Being a New Manager Is Not Simple or Easy

by Nov 28, 2015NEW MANAGER TRAINING

The graphic depicts the way I hoped it would be. I’d be out in front leading my direct reports who would follow in an orderly, predictable fashion. Yes, I was living in a dream world.

Managing, especially for new managers, is not as simple or as easy as we would like. There are unexpected challenges…dwindling resources, marketplace shifts, unreasonable demands from leadership, cross-functional conflicts and, perhaps most irksome, followers who do not give us the respect we think we deserve.

So how do we handle a direct report that is out of line? New manager training offers some tips on what to do…

First consider the situation:

  • Examine yourself.
    Are you sure the problem is not yours? Perhaps you are feeling a bit insecure in your new role. If so, you might be unconsciously triggering the other person’s behavior. Think carefully about your role in creating the problem and the way you interact with your direct report. Make sure you are open and accountable for your contribution to the conflict.
  • Examine your employee.
    Does this individual have too little or too much self-respect? If so, it may be near impossible to respect others in a positive way. In order to give respect, one has to have a healthy measure of self-respect.

    How emotionally intelligent is this employee? Some people are just not very sensitive to others’ feelings. They are unaware of how their behavior affects others and do not realize when they are causing problems. Could they be under extra stress, either at home or in the workplace? It is always better to think through the possibilities and context of the situation before taking action.

Next, talk with your employee:

  • Prepare.
    Plan what you will say and how you will say it. Your style and the employee’s should have a direct bearing on your approach. But you can’t go wrong as long as you express yourself simply, clearly and directly.
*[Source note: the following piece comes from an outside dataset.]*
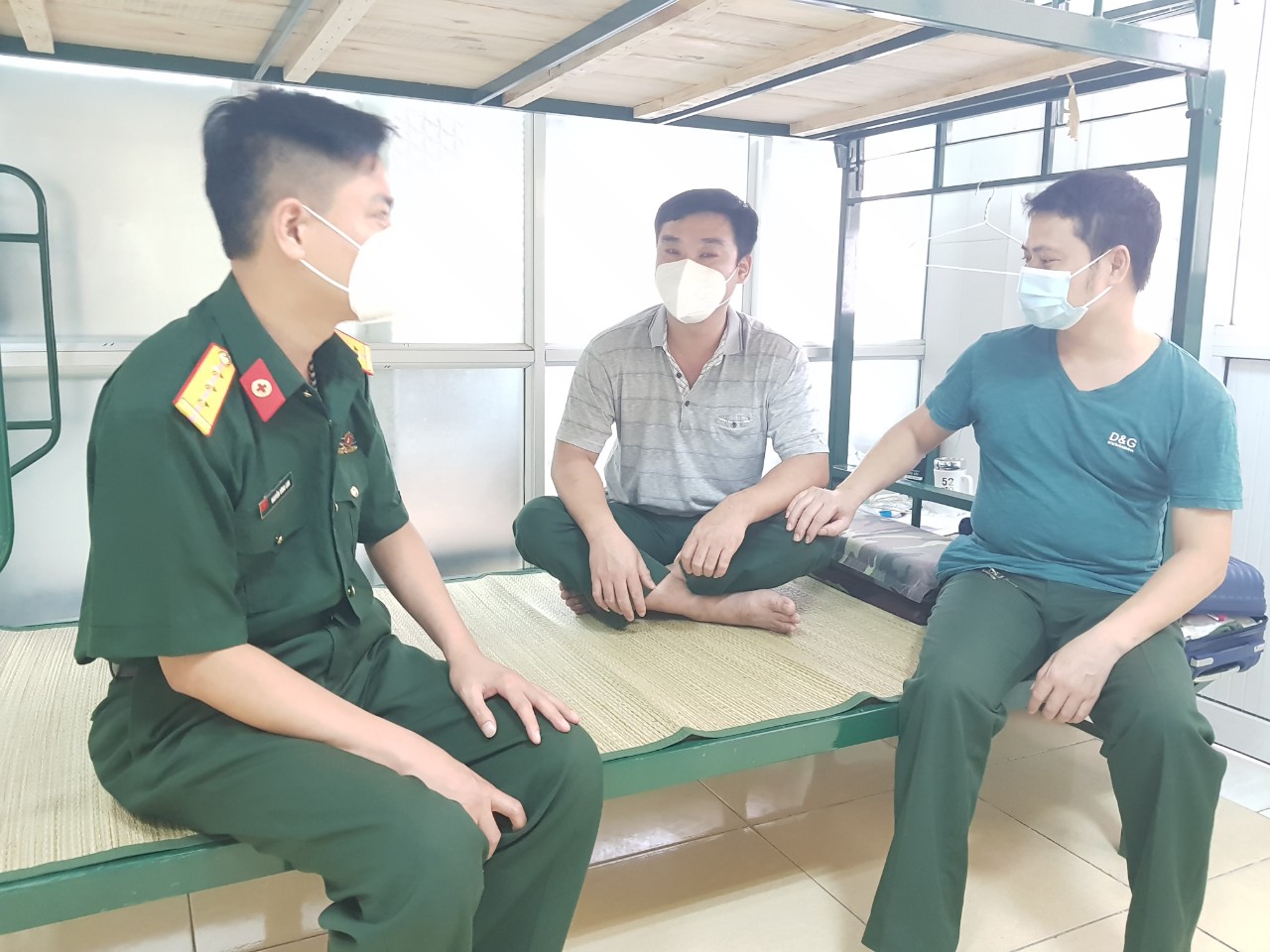 Gác mọi niềm riêng, kiên cường chống dịch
You need to ask if the employee has a problem working with you. Then you need to follow up with specific examples of the disrespectful behavior you have observed and how it made you feel. The goal of the discussion should be to find a way to work together productively and respect each other’s contribution to the team effort.
  • Set Clear Expectations.
    Now is the time to be clear about what is acceptable behavior and what is not. Be specific about what you expect, what you require and what the consequences will be if the problem continues. You have earned your manager stripes and it is okay now to exert your influence.
  • Model the Way.
    Back to you now. As a new manager you have the responsibility to set the tone of the team. Be sure that you are a role model for the behaviors you want to see in your team members: mutual respect; accountability; honest, straightforward talk; openness; collaboration. As you go, so goes the nation.

What if the disrespectful behavior does not change? Such toxicity is not good for you or for the team. Preserve your own self-respect and the morale of the team and move the problem employee elsewhere or out entirely. This may be one of the most difficult tasks of a new manager but your responsibility is to the team and ultimately to the company, not to a single, difficult individual.